#### Goal of the exercise
Start the copy at the line containing "CandyLady16 webcam" and run it through the last line of the records. Repeat each line exactly; omit pictures.

#### Data for analysis
******
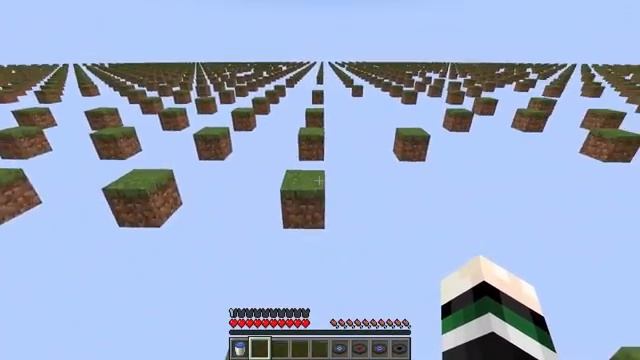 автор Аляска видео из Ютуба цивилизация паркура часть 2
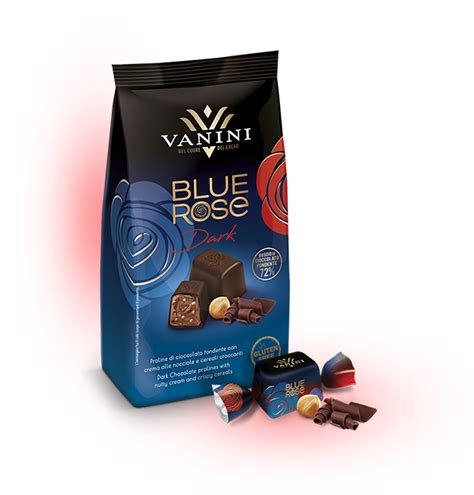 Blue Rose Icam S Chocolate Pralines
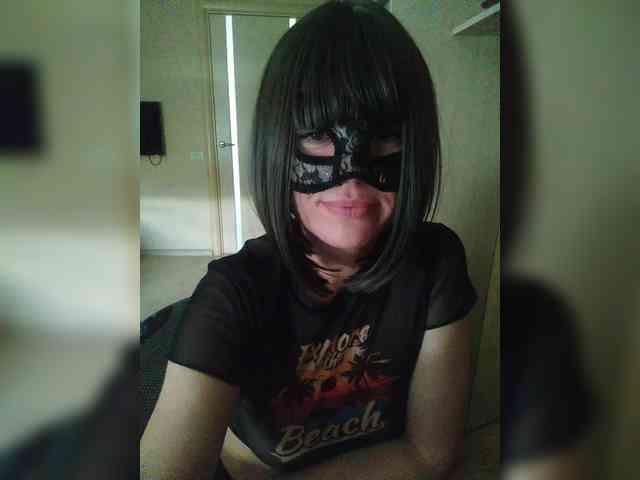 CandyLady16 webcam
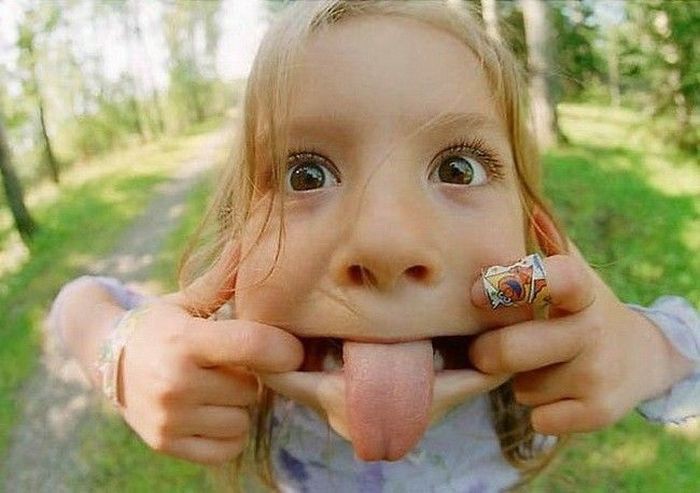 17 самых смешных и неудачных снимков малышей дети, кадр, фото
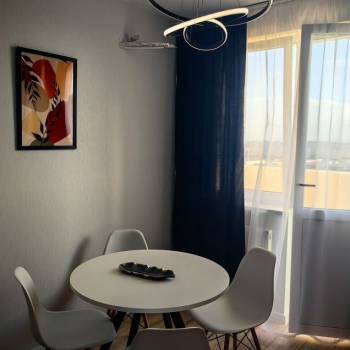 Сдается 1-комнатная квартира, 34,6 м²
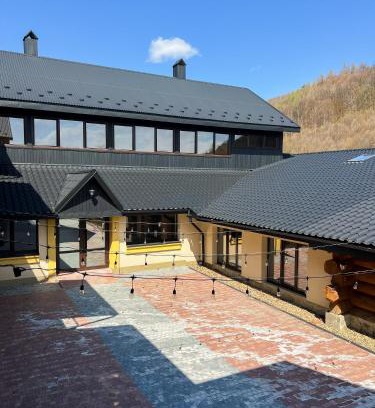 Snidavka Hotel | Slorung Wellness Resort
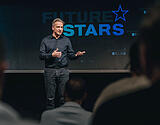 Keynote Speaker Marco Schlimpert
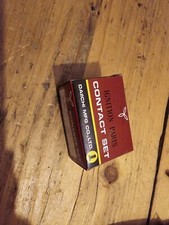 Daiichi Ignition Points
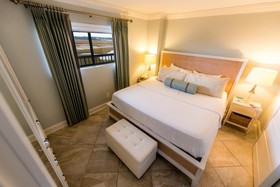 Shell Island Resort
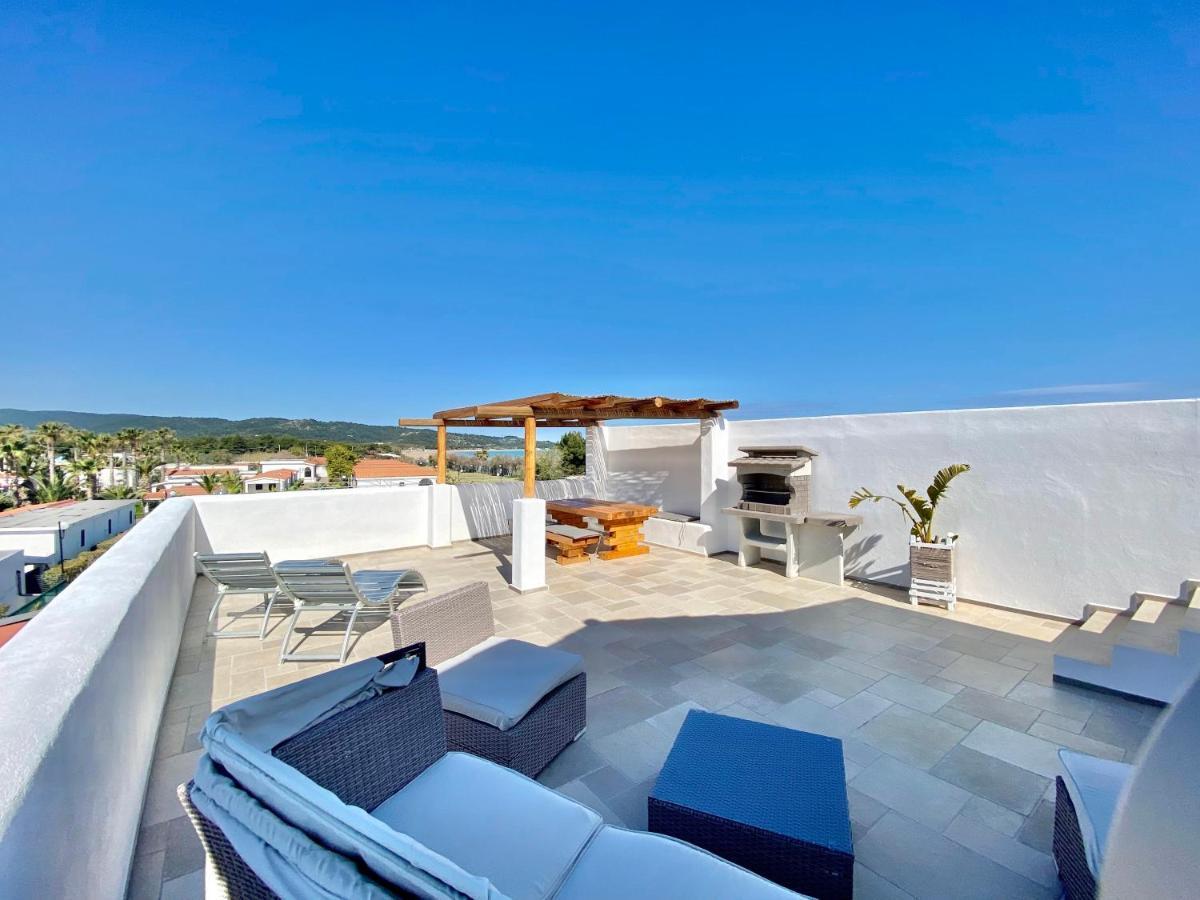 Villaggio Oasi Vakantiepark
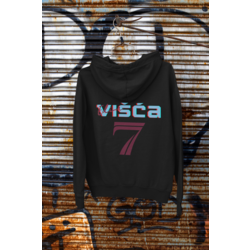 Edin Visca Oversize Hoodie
******
#### Reply
 CandyLady16 webcam
 17 самых смешных и неудачных снимков малышей дети, кадр, фото
 Сдается 1-комнатная квартира, 34,6 м²
 Snidavka Hotel | Slorung Wellness Resort
 Keynote Speaker Marco Schlimpert
 Daiichi Ignition Points
 Shell Island Resort
 Villaggio Oasi Vakantiepark
 Edin Visca Oversize Hoodie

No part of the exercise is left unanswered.